In their questioning, it was apparent that the Justices are split along ideological lines. Those who are skeptical of the administrative state were more concerned about the practicalities of what EPA was demanding—and the uncertainty that is engendered by ambiguous standards. Other Justices, especially Justices Sotomayor and Kagan, focused more on EPA’s broad authority to further its mission to stop water pollution.
Justice Kagan, for example, told City attorney Tara Steeley that there was no argument that “the statute prevents EPA from [adopting generic standards.]” Seeking an easy way to resolve the case, Justice Sotomayor at one point suggested that the City had forfeited it’s main argument because “it wasn’t raised in the Ninth Circuit,” only mentioned in the dissent.

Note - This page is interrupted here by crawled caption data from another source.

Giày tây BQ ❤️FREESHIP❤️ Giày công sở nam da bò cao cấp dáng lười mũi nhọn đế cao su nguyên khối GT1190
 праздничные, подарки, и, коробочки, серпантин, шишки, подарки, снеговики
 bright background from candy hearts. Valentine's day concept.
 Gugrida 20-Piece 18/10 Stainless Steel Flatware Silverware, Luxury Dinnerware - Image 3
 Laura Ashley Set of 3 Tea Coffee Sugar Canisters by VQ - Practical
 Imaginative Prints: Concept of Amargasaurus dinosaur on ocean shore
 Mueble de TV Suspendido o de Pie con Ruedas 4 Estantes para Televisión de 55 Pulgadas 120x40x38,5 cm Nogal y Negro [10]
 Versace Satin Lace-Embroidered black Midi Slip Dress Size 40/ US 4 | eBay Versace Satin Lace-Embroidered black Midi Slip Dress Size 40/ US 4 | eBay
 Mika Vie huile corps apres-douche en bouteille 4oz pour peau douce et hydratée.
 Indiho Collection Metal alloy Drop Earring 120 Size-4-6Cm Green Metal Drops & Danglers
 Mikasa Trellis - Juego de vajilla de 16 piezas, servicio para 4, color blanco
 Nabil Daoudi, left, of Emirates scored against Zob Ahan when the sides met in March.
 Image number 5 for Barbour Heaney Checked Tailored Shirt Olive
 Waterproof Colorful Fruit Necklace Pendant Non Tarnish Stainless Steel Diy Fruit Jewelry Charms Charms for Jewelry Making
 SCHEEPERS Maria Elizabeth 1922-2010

Justice Gorsuch noted that the Clean Water Act was adopted to “to give people notice ex ante of their legal obligations, rather than rely on tort ex post, nuisance law.” Justice Kavanaugh rhetorically asked whether anything in the “statute authorizes something like the generic limitations, correct?” The answer from the City was, “no.” When EPA attorney Fredrick Liu argued that the City failed to give the EPA enough detailed information for the agency to set numerical limitations, Chief Justice Roberts cut him off remarking that, “in the bad old days” before the Clean Water Act was adopted, “people didn’t know what they [were] supposed to do,” and “you’re going back . . . because it, one, gives you more power to you because you don’t have to tell the people who are discharging what they have to do or not . . . it’s a lot easier for [the EPA].”
At another point in the argument, Liu suggested that farmers and other small businesses might actually prefer the less precise language EPA employs in some of its permits. Justice Kavanaugh would have none of it, noting that the Farm Bureau representing “six million farm families . . . along with . . . nearly every business sector across the U.S. economy” had filed an amicus brief opposing EPA’s position because “they’re not happy with just leaving it up to you to represent their interests . . . and make it impossible for many permittees to protect themselves from unanticipated liability.”
Critics of both the EPA and the City are experiencing a bit of schadenfreude in watching the case unfold. This case has been politically difficult for San Francisco to prosecute. Shortly before the argument, some of the City’s supervisors expressed concern that it was not on the side of angels. The Board voted 8-2 a request that city officials settle the suit quickly because if it won that could “greatly harm water quality nationwide.” To date, the City attorney David Chiu has declined to settle because the cost to the City’s ratepayers could be in the billions if EPA wins.
If this case follows the pattern of other recent administrative law cases at the Court, EPA may well lose and San Francisco may be lauded, for the time being, by business interests throughout the land. It is an irony that would make fans of Kafka proud.